Monday, March 09, 2009

Dive Number 5, The Channel, Goat Island Bay

We haven't been diving for a month. Where does the time go? Rain has been falling and wind blowing for the last two weeks - but a month? The forecast today is somewhat challenging for a small boat to make it around Cape Rodney, so we’ve decided to do the dreaded shore dive. It's not shore diving per se that were against, but rather the trudging of dive gear from the car; parking the car; and the sand that will inevitably infiltrate every crease of clothing, gear and skin. In two, or maybe 3, words, we’re fussy! As we heave our tanks onto our backs, the glass bottom boat skipper tells us, "it's horrible there." Encouraging. He explains,” the water's black.’ On most summer days, and every weekend, the glass bottom boat takes dozens of people for a journey through the reserve. They alight the boat full of anticipation, and disembark chattering about all the fish they’ve seen and the water clarity. He’s decided to forego any income and NOT take passengers out today. Nobody likes disappointment.

Sensible – they’ll see nothing. Ominous – we’ll see nothing.

We HAVE to get in the water, we’ve come too far to repack the car with dry gear. The water is darker than tea. Tannins have leeched from the copious seaweed that lies tangled along the beach. Further evidence of the last weeks’ storms. The seaweed is up to 40 cm thick in places and very spongy underfoot.
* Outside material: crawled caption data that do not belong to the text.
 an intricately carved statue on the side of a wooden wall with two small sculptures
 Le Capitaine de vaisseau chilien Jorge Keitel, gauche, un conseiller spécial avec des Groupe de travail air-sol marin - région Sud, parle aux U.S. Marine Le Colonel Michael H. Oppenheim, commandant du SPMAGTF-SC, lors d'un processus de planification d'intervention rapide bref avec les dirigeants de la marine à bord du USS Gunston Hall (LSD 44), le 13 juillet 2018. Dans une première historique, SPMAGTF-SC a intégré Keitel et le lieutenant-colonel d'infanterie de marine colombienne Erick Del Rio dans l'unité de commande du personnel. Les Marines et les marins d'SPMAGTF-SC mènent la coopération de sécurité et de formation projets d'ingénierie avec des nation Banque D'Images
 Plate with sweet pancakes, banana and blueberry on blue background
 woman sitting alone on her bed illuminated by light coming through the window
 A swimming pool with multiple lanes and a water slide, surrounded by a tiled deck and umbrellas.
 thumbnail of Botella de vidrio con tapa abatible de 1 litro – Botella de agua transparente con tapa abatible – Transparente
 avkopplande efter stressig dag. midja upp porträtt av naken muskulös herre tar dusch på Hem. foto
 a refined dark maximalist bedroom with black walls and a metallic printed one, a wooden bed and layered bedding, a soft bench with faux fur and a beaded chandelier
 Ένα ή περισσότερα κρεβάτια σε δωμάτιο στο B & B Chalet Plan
Of course, the glass bottom boat skipper is right. We can’t see anything. Not a thing. Not even each other. It’s diving by Braille. We optimistically head out into the Bay - side-by-side and holding hands. Nothing romantic, just self preservation you understand. If we lose contact we will almost certainly not find each other again, especially underwater. The water does eventually clear and we head out to sea through the channel where the visibility is drastically improved. It’s now a consistent two metres, even three in places. No need to hold hands now – besides Darryl is keen to try to salvage some pictures out of this dive. And he needs two hands to do that.
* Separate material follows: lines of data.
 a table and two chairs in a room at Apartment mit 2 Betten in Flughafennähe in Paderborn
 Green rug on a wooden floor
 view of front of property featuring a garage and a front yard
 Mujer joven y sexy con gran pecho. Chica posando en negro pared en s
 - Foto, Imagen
We stumble across a couple of eagle rays that scamper away quickly into the doom and a school of parore sweep past. All kinds of shells and small animals are scavenging amongst the rubble and kelp. Some, like tiny nudibranches are struggling to hold on. Nevertheless they seem to be on patrol – they are scattered all over the seafloor. Darryl hasn’t even noticed the little stuff. I’ve never seen quite so many clown nudibranches at Goat Island Bay, and wish I had a macro camera. In fact, I wish I had my own housing and camera. I do, but it shoots film and we don’t shoot film anymore! Darryl, predictably, has a wide angle lens on his camera. I notice that Darryl is attracting a collection of snapper . Six pretty mature fish are following behind him as dutifully as I am. I’m sure they are not as dependent on his navigational skills as I. Silently, I muse whether this is pure animal magnetism or just his funky split fins. ( I don’t have a pair of those either!)